今夏107回目を迎えた「全国高校野球選手権大会」。甲子園球場を舞台に今年も熱いドラマが繰り広げられた。だが、海の向こうでもう一つの「甲子園」があったことは、意外と知られていないだろう。今回は東南アジア諸国での野球競技振興に奮闘する元プロ野球選手を追う。
「第1回アジア甲子園大会」その誕生に込められた、ある想い
2024年12月、インドネシア・ジャカルタで「第1回アジア甲子園大会」が開催された。インドネシア国内の8チームが出場し、総観客動員は2,000人を超えた。日本高校野球ならではのブラスバンドやチアリーダーによる応援も再現され、現地の野球ファンを魅了した。
この大会の発起人は、元巨人育成投手で起業家の柴田章吾氏と、漫画『ドラゴン桜』や『砂の栄冠』など数々のヒット作を手がける漫画家・三田紀房氏だ。柴田氏は現役引退後、起業家として活動する傍ら、個人的に海外での野球振興活動を続けてきた。しかし、野球が盛んでないアジアの地で、若者をどうすれば夢中にさせられるのか──。プロ野球という遠い夢ではなく、もっと身近で具体的な目標が必要だと感じながらも、答えを見いだせずにいた。
そんな柴田氏の転機となったのが、三田氏との出会いだった。高校野球への深い造詣を持つ三田氏は、柴田氏の情熱に触れ、こう語りかけた。
「“甲子園”という日本の伝統的な野球文化をアジアへ輸出してはどうか」
「東南アジアの子どもたちの将来の夢には、そもそもプロ野球という選択肢がない。ではなぜ野球をするのか。日本の野球少年はテレビで甲子園を見て、あの舞台に立ちたくて野球を始め、そこを目指して熱中してきたと思うので、それと同じくまずは全員が目指すゴールをつくりたい」
この言葉に柴田氏は深く共鳴した。『ドラゴン桜』でいう「東大」にあたるのが、野球では「甲子園」になるのでは──。その思いで阪神甲子園球場関係者との協議を重ね、第1回大会の開催へとこぎつけた。
今夏、インドネシア選手が日本で甲子園を体感
2025年8月8日から10日までの3日間、第1回大会で活躍した14〜18歳のインドネシア選手13名が来日した。

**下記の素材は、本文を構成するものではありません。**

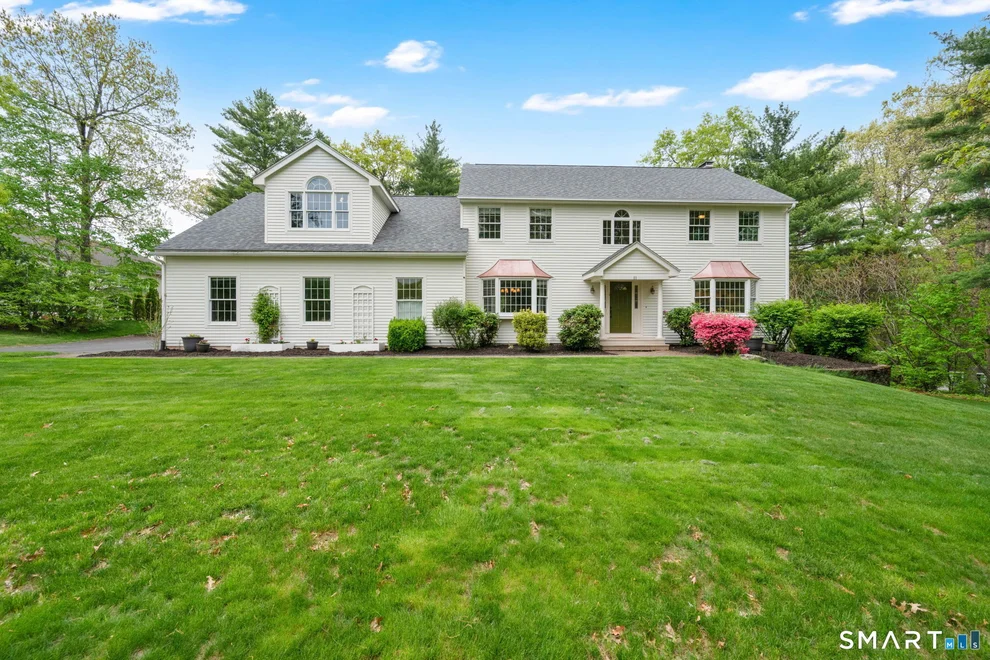 Unit for sale at 11 Benjamin Drive, Ellington, CT 06029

初日は夏の全国高校野球選手権大会を甲子園で観戦。同年代の高校生が繰り広げるスピード感あふれる試合や、スタンド全体が一体となった応援に感嘆の声を上げた。午後は甲子園歴史館を訪問し、100年以上にわたる大会の歴史や出場校のユニフォーム展示を見学。甲子園が持つ重みを肌で感じ取った。
2日目は阪神タイガースOBによる野球教室を受講した。守備、打撃ともにプロ経験者から直接指導を受け、積極的に吸収する姿勢が光った。

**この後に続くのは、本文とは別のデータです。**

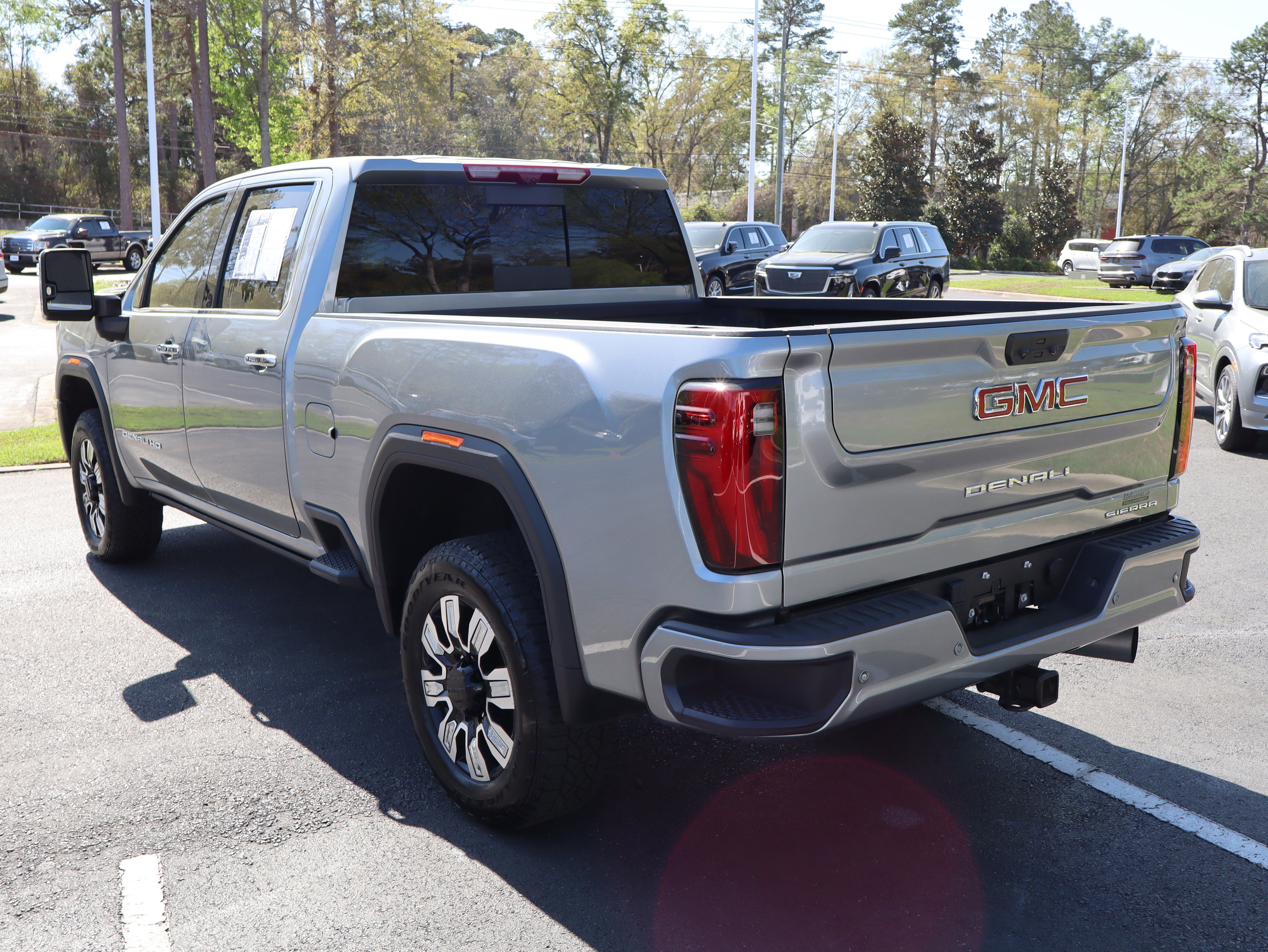 Used 2025 GMC Sierra 2500 Denali w/ Denali Reserve Package image 7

最終日は関西の強豪・兵庫夙川ボーイズと練習試合を実施。敗れはしたものの、最後まで全力を尽くすプレーに両チーム関係者から大きな拍手が送られた。試合後には元オリックス・バファローズコーチの水口栄二氏によるシートノックを両チーム合同で受け、言葉を超えた交流が生まれた。
12月に第2回大会開催決定。参加国も拡大し、注目度増す
第1回大会の成功を受け、「第2回アジア甲子園大会」は2025年12月13日にインドネシアのジャカルタで開幕予定だ。インドネシア、マレーシア、シンガポール、フィリピンの4カ国から計14チームが参加する。8月11日に開かれた記者会見には、元福岡ソフトバンクホークス監督の工藤公康氏がゲストとして登壇した。
「日本のプロ野球選手の中には、アメリカでプレーしたいと夢を叶えた選手が多くいる。アジア甲子園が、日本で野球をやりたいと考える選手を増やし、何よりアジアの子どもたちが夢を持つきっかけになってほしい」

柴田氏も意気込みを語る。
「継続していくこと、そして少しずつ進化していくことが大事。今年は参加国(マレーシア、シンガポール、フィリピン)を3カ国増やし、より多くの国の方に興味を持ってもらえるよう取り組んでいきます」

アジアの地に芽吹いた“もう一つの甲子園”。その挑戦は、今年12月、新たなステージを迎える。